### DATA
= Beginning of Section =

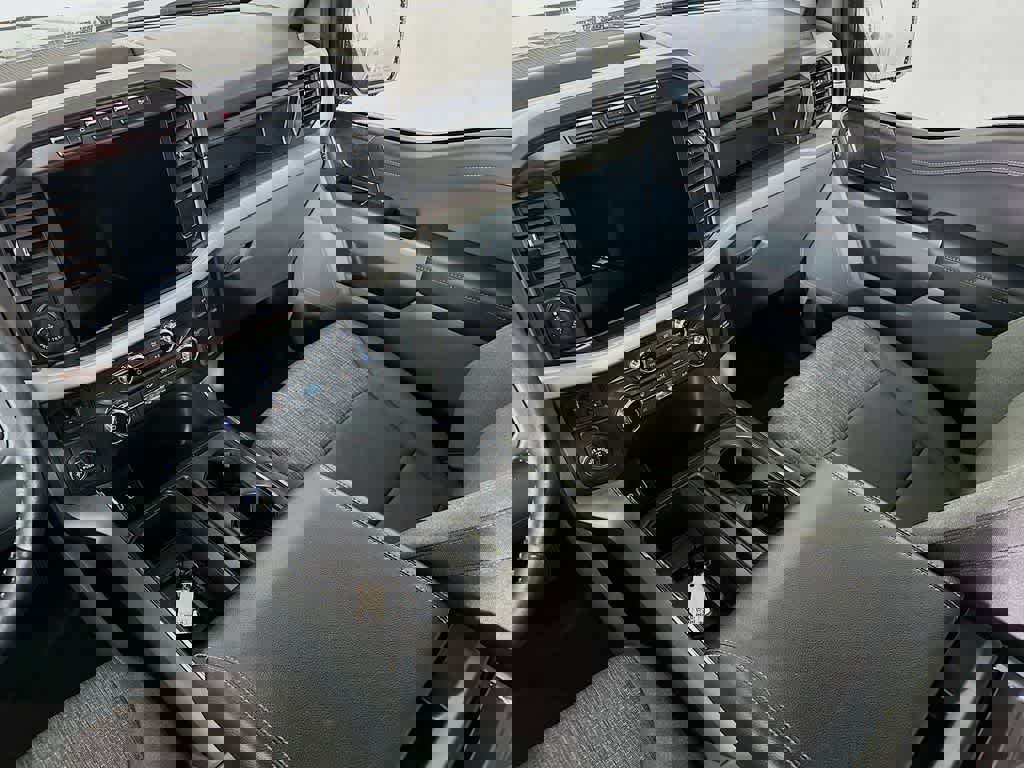 Certified 2022 Ford F150 XLT w/ Equipment Group 302A High image 14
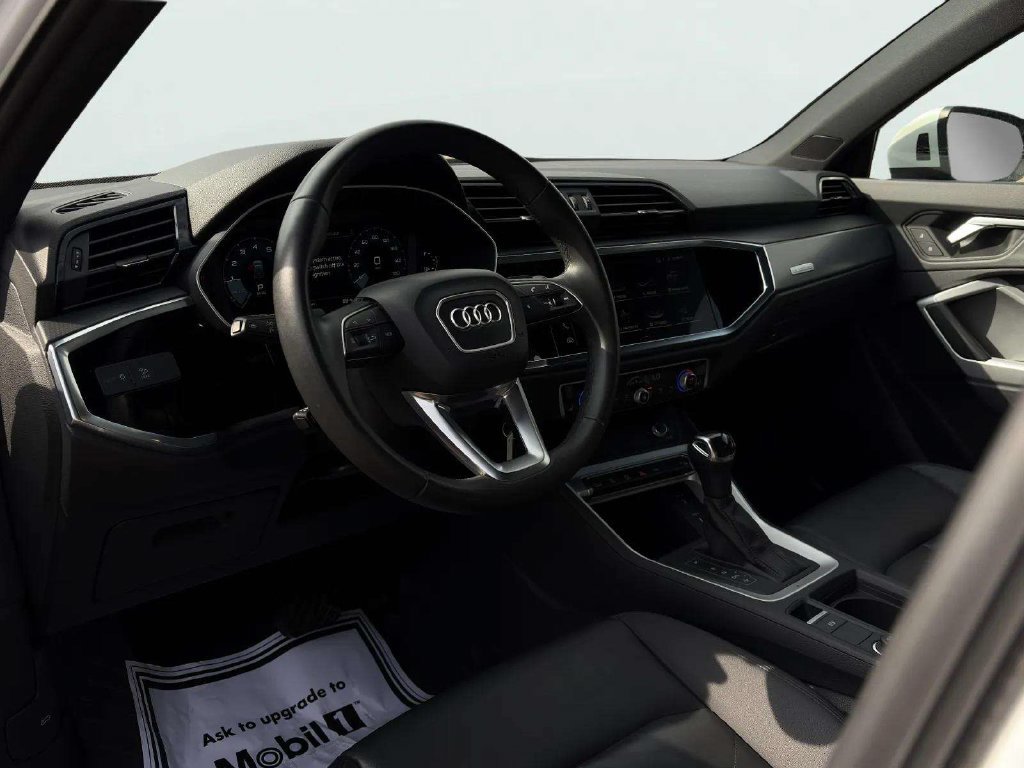 Used 2025 Audi Q3 2.0T Premium AWD/4WD image 19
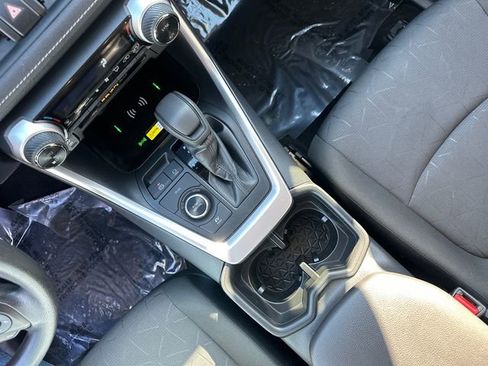 Certified 2025 Toyota RAV4 XLE image 38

= End of Section =

### TASK BRIEF
Find the line with "Used 2025 Audi". Reproduce it and every line after it through the last line above exactly, leaving out the pictures.

### TASK SOLUTION
 Used 2025 Audi Q3 2.0T Premium AWD/4WD image 19
 Certified 2025 Toyota RAV4 XLE image 38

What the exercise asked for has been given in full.